Bild: Ungewöhnlicher Einblick in die JVA Tegel
taz: Herr Adam, wie viele Jahre haben Sie in der Haftanstalt Tegel
verbracht?
Ralph-Günter Adam: Wenn ich ganz genau bin: 35 Jahre und vier Monate.
Nie einen Antrag auf vorzeitige Entlassung gestellt?
Nein (lacht). Wenn ich sagen würde, Tegel ist meine zweite Heimat, hört
sich das bescheuert an. Aber ich habe hier ein unheimlich tolles
Berufsleben verbracht. Ich habe hier 1978 als Sozialarbeiter angefangen in
einer Zeit, in der ich wirklich viel verändern konnte. 2007 bin ich
Anstaltsleiter geworden. Ich hatte rundum Glück – auch wenn die Jahre als
Anstaltsleiter nicht annähernd das waren, was man sich als junger Mensch
vorgestellt hat. Aber das ist ja immer so.
Welche Vorstellungen hatten Sie früher?
Wenn du Anstaltsleiter wärst, dachte ich, würdest du alles ganz anders
machen. Dann kannst du alles bewegen. Aber die traurige Realität ist nun
mal: Je höher man in der Hierarchie aufsteigt, umso dünner wird die Luft.
Man ist in Zwänge eingebunden.
Haben Sie als junger Mann von so einer Karriere geträumt?
Nie. Ich bin gern Anstaltsleiter geworden; es wäre Quatsch, das zu
verleugnen. Aber ich bin kein Karrieretyp und ich glaube, auch kein
Machtmensch. Das macht es mir manchmal ein bisschen schwerer. Manche Leute
verstehen nicht, dass man Dinge auch anders lösen kann, als mit der Faust
auf den Tisch zu hauen.
Sie diskutieren lieber?
Manchmal diskutiere ich wahrscheinlich auch zu lange. Aber ich bin immer in
der Lage, eine Entscheidung zu treffen. Und auch das ist ganz wichtig in
der Arbeit im Strafvollzug: Man muss immer klar sein. Man muss authentisch
sein. Man muss den Leuten sagen, woran sie sind, und darf sich nicht hinter
Entscheidungen anderer verstecken. Das hat mir über die Jahre eigentlich
immer ein Entree auch bei den Gefangenen verschafft .

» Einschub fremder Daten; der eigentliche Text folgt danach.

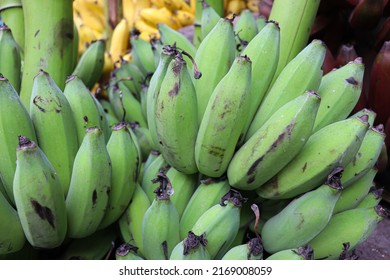 Healthy Raw Banana Bunch Stock On Shop For Sell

In Tegel sitzen 1.300 Gefangene ein. Wie viele kennen Sie persönlich?
Ich kenne immer noch eine ganze Menge. Ein paar sind nahezu so lange hier
wie ich. Als ich Teilanstaltsleiter war, habe ich noch alle gekannt. Als
Anstaltsleitung entfernt man sich von den Gefangenen natürlich immer mehr.
Als Sie 1978 in Tegel angefangen haben, war gerade das Strafvollzugsgesetz
eingeführt worden, in dessen Folge die verkrusteten Strukturen in den
Gefängnissen aufgebrochen wurden. Gehören Sie zu den Vertretern, die
meinten, man könne die Knäste abschaffen?
Ich komme aus der Generation, die generell alles ins Frage gestellt hat.
Aber ich habe nie angezweifelt, dass es Knäste geben muss. Es muss
Reaktionen auf Menschen geben, die eklatant gegen gesellschaftliche Normen
verstoßen und anderen Menschen sehr viel Leid zufügen. Für mich ging es
immer darum, die Strafanstalten zu reformieren und menschlicher zu machen.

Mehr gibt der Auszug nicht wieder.